I am not an expert, but shouldn’t it have been obvious to both of them that the rate of descent was too high, that it isn’t safe to land descending at 1,100 feet per minute? The snow and cross winds might make the landing more difficult, but they wouldn’t mostly cause the rate of descent, which is what broke the landing gear.
It isn’t fighting for controls, but the pilot can take control. He could also have taken control for the landing in difficult conditions before there were any problems.
The pilot was in control; that's the point. She was the PIC. If she couldn't make that landing, that's on her and the FAA.
He could also have taken control for the landing in difficult conditions...

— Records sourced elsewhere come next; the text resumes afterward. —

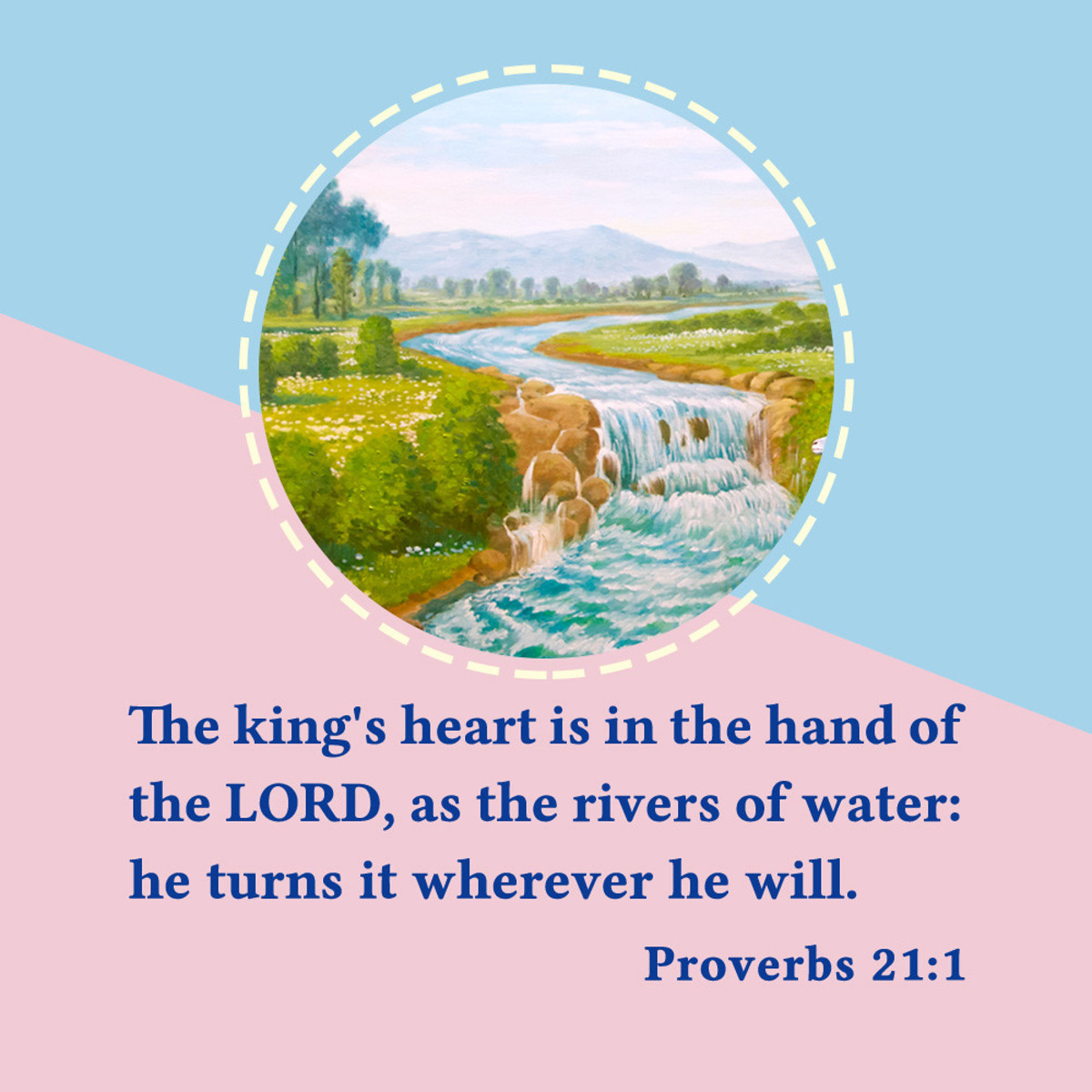 a-hymn-the-kings-heart-is-in-the-hand-of-the-lord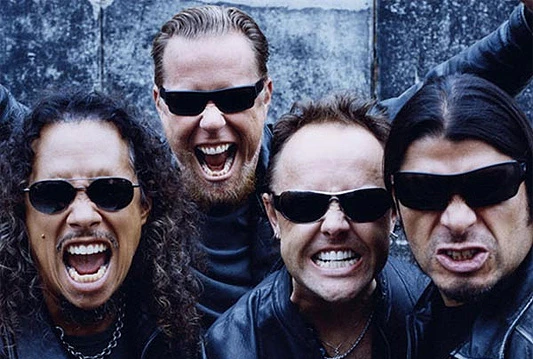 Magazin Kerrang: Metallica proglašena za najutjecajniju rock grupu u zadnjih 30 godina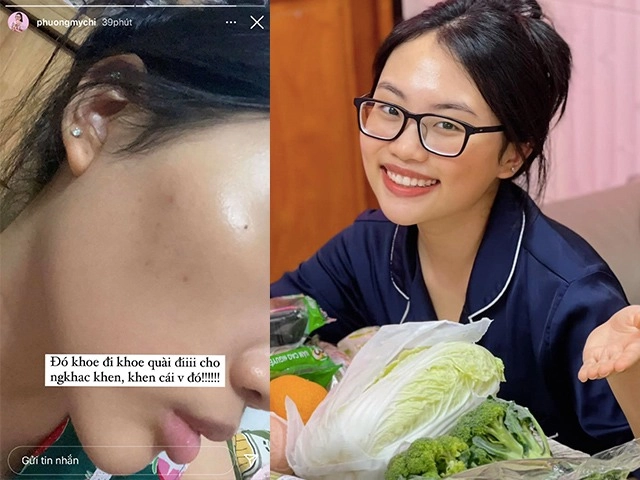Mỹ linh song ca cùng ái nữ mặt mộc vẫn gây bão như thể thời gian bỏ quên - 14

Certainly, IF it was difficult conditions. This wasn't difficult conditions. The airport in Toronto has had the same weather conditions since it opened. Hundreds of thousands of similar landings have successfully taken place there without pancaking a commercial jet onto the runway so hard that it overturns and tears the wings tear off.
Same airport, same runway, same weather, same aircraft (non-experimental, no untested systems, no damaged or failed systems). What changed is the pilot and the Didn't Earn It (DEI) policy that put her there.
The airlines are pushing less competent pilots into the cockpit due to the pilot shortage that has been progressively worsening since the 1990s, and the FAA is complicit in the crime of aiding them.